I agree that this is a very important consideration.

Also, it wouldn't hurt to have a theory (even a debatable and contested one) on the strategy and tactics of Federation fighters/drones/etc., as well as an explicit description of the important missions the carrier is expected to perform. What is the fighter/drone composition of the carrier (or what limits can it vary between)?
 
I did give it some thought - since there's no need for the equivalent of a flight deck I think that individual bays make sense due to pressurization and survivability factors. It seems to me this kind of configuration would work no matter what the mix of fighter/bombers/drones would be... the ship needs to launch, recover, and resupply them. The differences per mission in this case would be in what is carried inside, not in what it looks like on the outside.

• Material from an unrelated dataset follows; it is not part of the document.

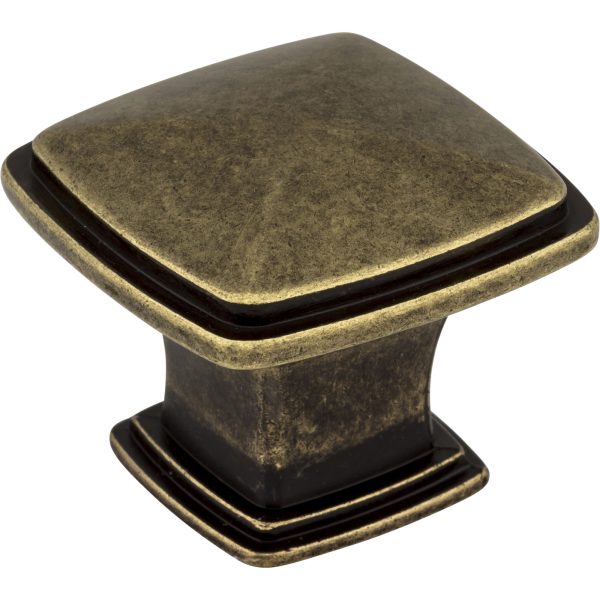1-1/4" Overall Length Lightly Distressed Antique Brass Square Milan 1 Cabinet Knob
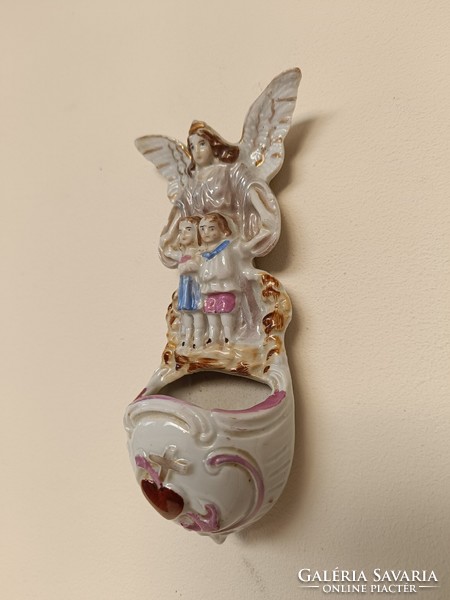Antik szenteltvíztartó 19. - 20. század biszkvit porcelán keresztény őrangyal angyal fali 8391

It could work for both military and humanitarian applications, such as rescue missions in systems where transporters won't work due to [insert technobabble] radiation, etc.
 
I think the saucer-less design is definitely a step in the right direction, shedding mass that is completely unnecessary to serve as a dedicated carrier.

In this context, I'll repeat a proposal I made upthread, and augment it.
  • Why can't the carrier pods be standardized so that an FJ tug could tow one or two of them?
  • And therefore, then, why can't a "carrier" be essentially a saucer-less tug capable of towing more than two such pods (four or six at a time maybe, or more)?
That way, the carrier has a lot of versatility.
 
^so you're technically suggesting a Ptolemy without the saucer tugging a module full of fighters?